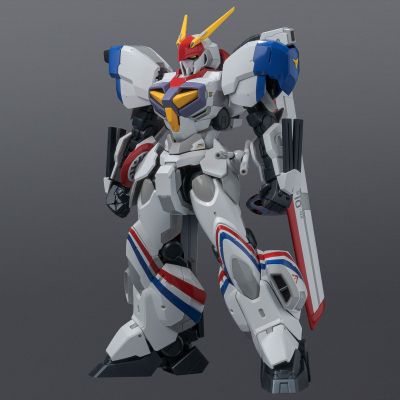 RIOBOT 机甲战记威龙 特装威龙一号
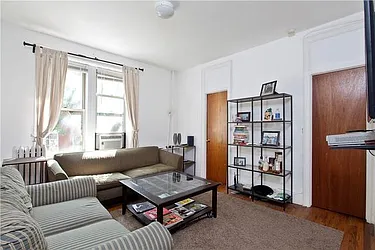 Rented by LJ Sloane Management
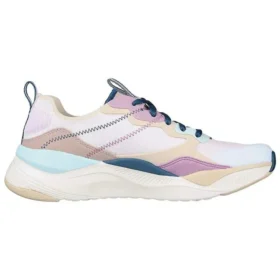 Estilo de vida “Multicolorido”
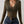 dbd19d372d2680544a7ed31ead974104-936c9ca5-v3-Max-Origin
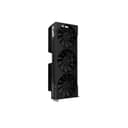 XFX Swift AMD Radeon RX 9070XT 16GB Gaming Graphics Card thumbnail 2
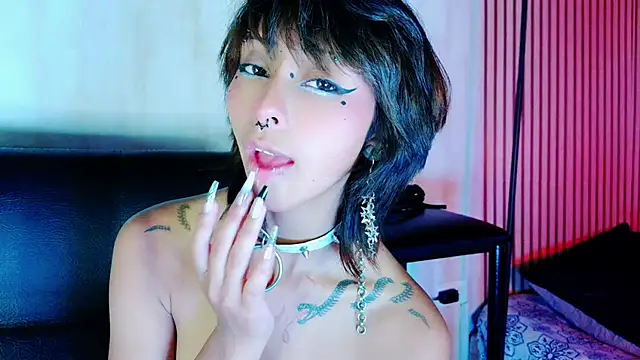 verhona vlad online show from January 22, 4:33 pm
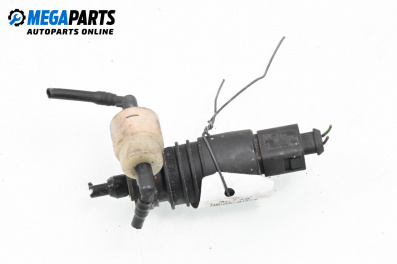 Pompa ștergătoare parbriz for Audi A6 Allroad  C5 (05.2000 - 08.2005)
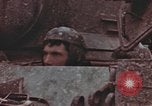 Immagine di Soldati statunitensi Germania, 1945, secondo 19 filmato di repertorio 65675076291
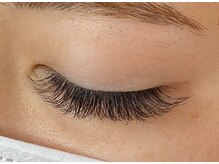 プライベートサロン ヴェール(Veil)/3Dボリュームラッシュ無制限♪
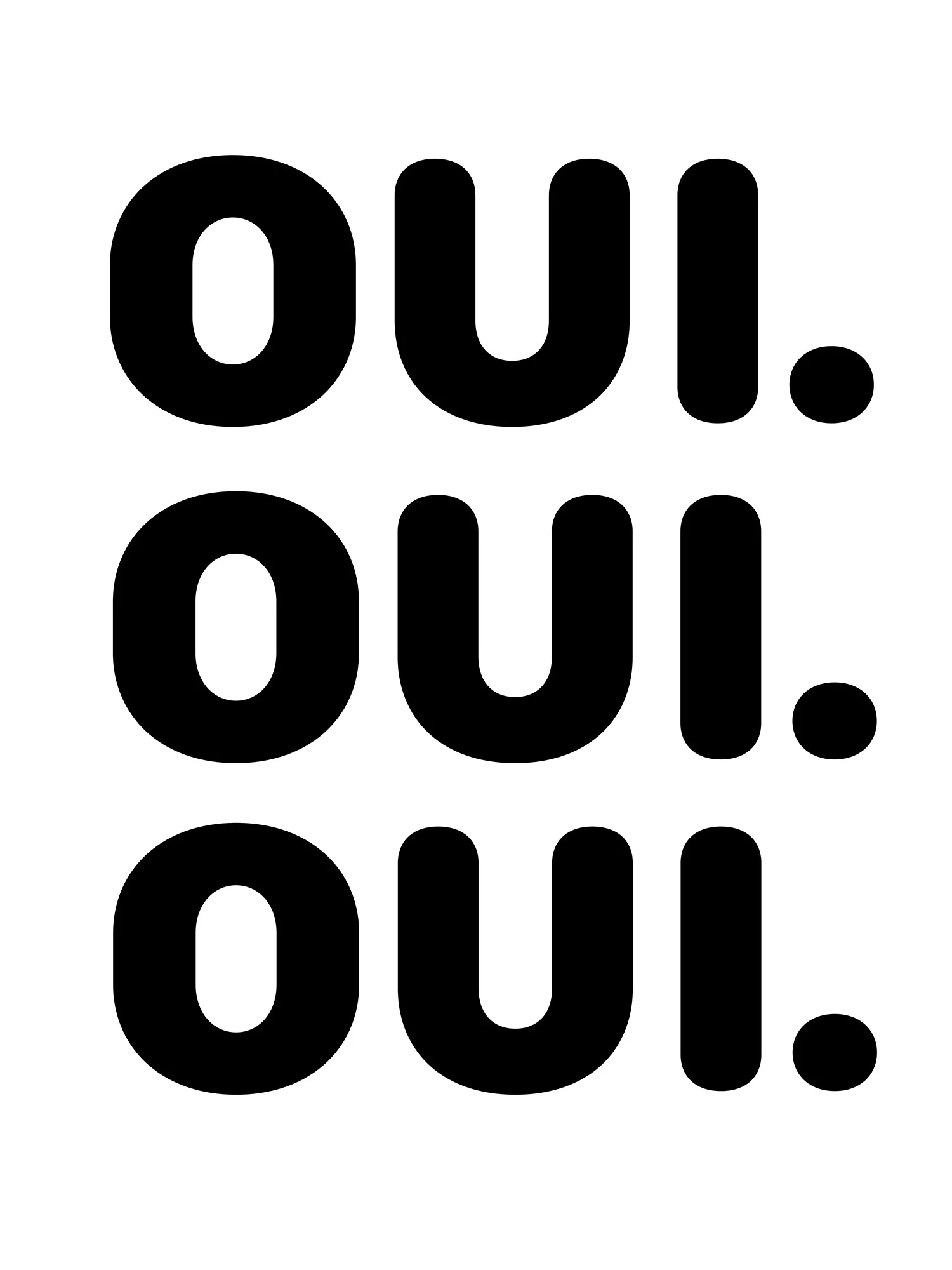 WEBOUI.jpg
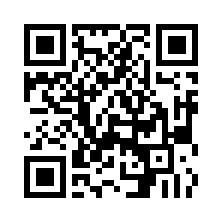 QR Code for 14q3TkPLsQMasrttyuHxxPkbYfQcQAXfYZ
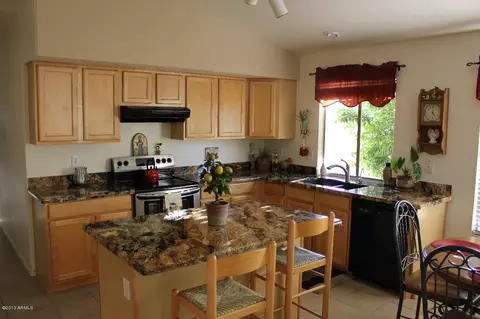1102 E Constitution Dr, Gilbert, AZ 85296 photo 26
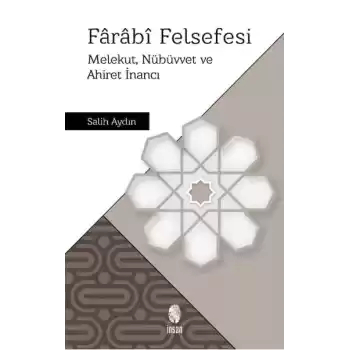 Fârâbî Felsefesi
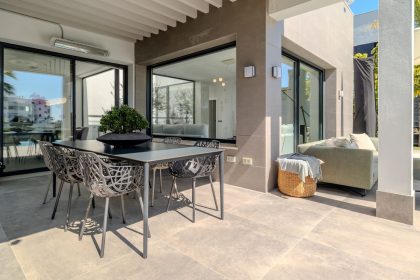 7b75aa392e1c406454980a74602d2d9a - 27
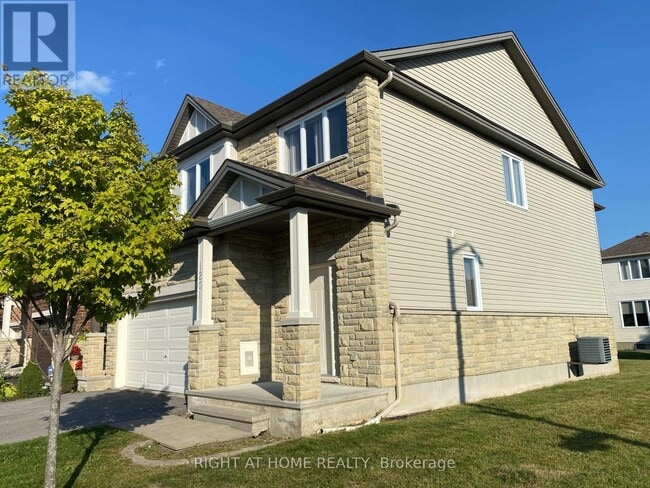 Building Photo - 1201 Alson Mills Way
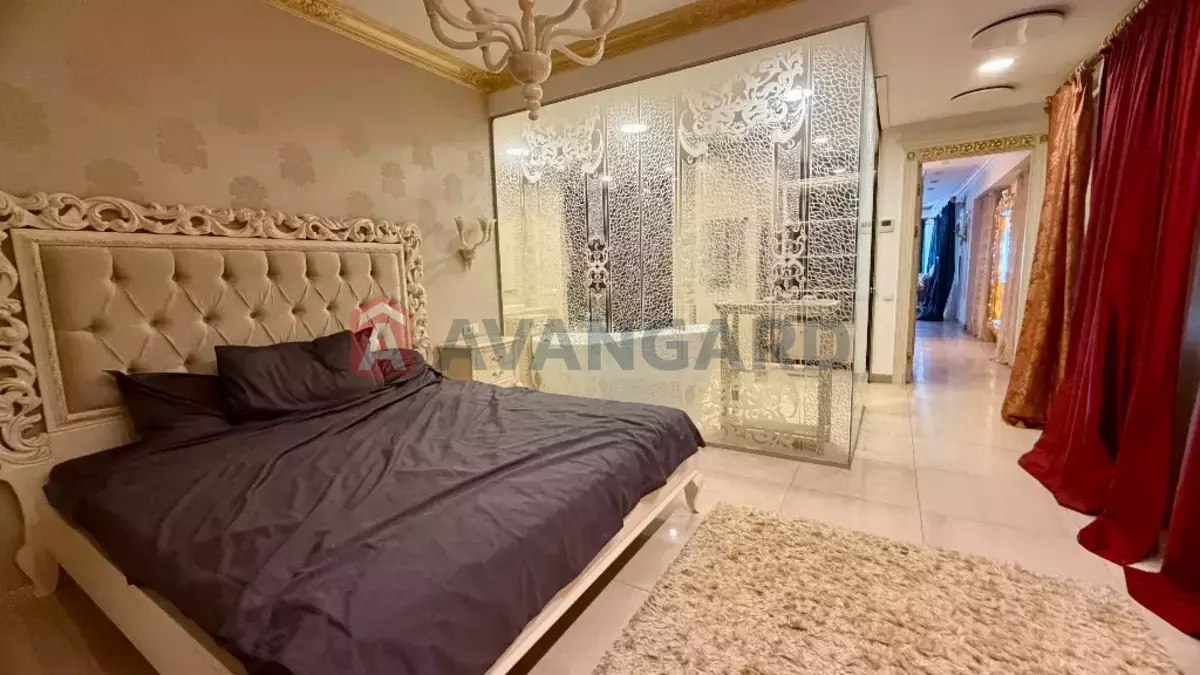 2 ����. ��������, 107/-/- ��. �., 16/17 ���� ���� 11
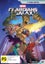 GUARDIANS OF THE GALAXY : THE FINAL BATTLE (DVD) Carousel 1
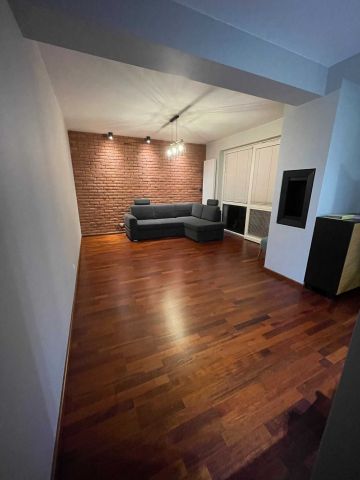 Mieszkanie 3-pokojowe Wieluń, ul. Stanisława Moniuszki. Zdjęcie 1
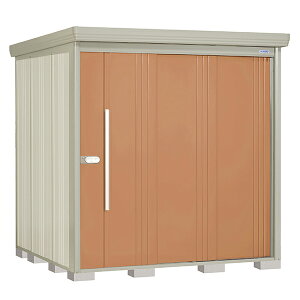 ^N{u Mr.XgbN} _fB ND-Z2019Y ʌ^ I ʒI^Cv O ^ q ^C  [ [i5Nۏ][K㗝X]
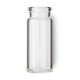 DUNLOP D272 Slide Blues Bottle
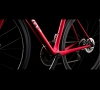 WILIER TRIESTINA 0 SLR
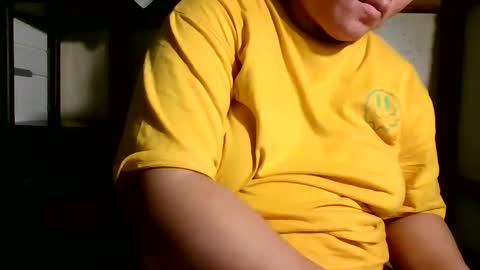 Snapshot of iam_jana chatting on December 5, 2025, 1:03 am iam_jana online show from December 5, 2025, 1:03 am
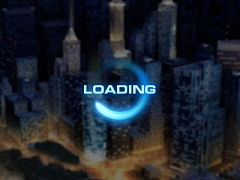 xuxiaoxiao采集到loading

### PROBLEM REQUIREMENTS
Please reproduce the lines above from the one containing "verhona vlad online" through the final line, exactly and inclusively, leaving out each picture.

### SOLUTION
 verhona vlad online show from January 22, 4:33 pm
 Pompa ștergătoare parbriz for Audi A6 Allroad  C5 (05.2000 - 08.2005)
 Immagine di Soldati statunitensi Germania, 1945, secondo 19 filmato di repertorio 65675076291
 プライベートサロン ヴェール(Veil)/3Dボリュームラッシュ無制限♪
 WEBOUI.jpg
 QR Code for 14q3TkPLsQMasrttyuHxxPkbYfQcQAXfYZ
1102 E Constitution Dr, Gilbert, AZ 85296 photo 26
 Fârâbî Felsefesi
 7b75aa392e1c406454980a74602d2d9a - 27
 Building Photo - 1201 Alson Mills Way
 2 ����. ��������, 107/-/- ��. �., 16/17 ���� ���� 11
 GUARDIANS OF THE GALAXY : THE FINAL BATTLE (DVD) Carousel 1
 Mieszkanie 3-pokojowe Wieluń, ul. Stanisława Moniuszki. Zdjęcie 1
 ^N{u Mr.XgbN} _fB ND-Z2019Y ʌ^ I ʒI^Cv O ^ q ^C  [ [i5Nۏ][K㗝X]
 DUNLOP D272 Slide Blues Bottle
 WILIER TRIESTINA 0 SLR
 Snapshot of iam_jana chatting on December 5, 2025, 1:03 am iam_jana online show from December 5, 2025, 1:03 am
 xuxiaoxiao采集到loading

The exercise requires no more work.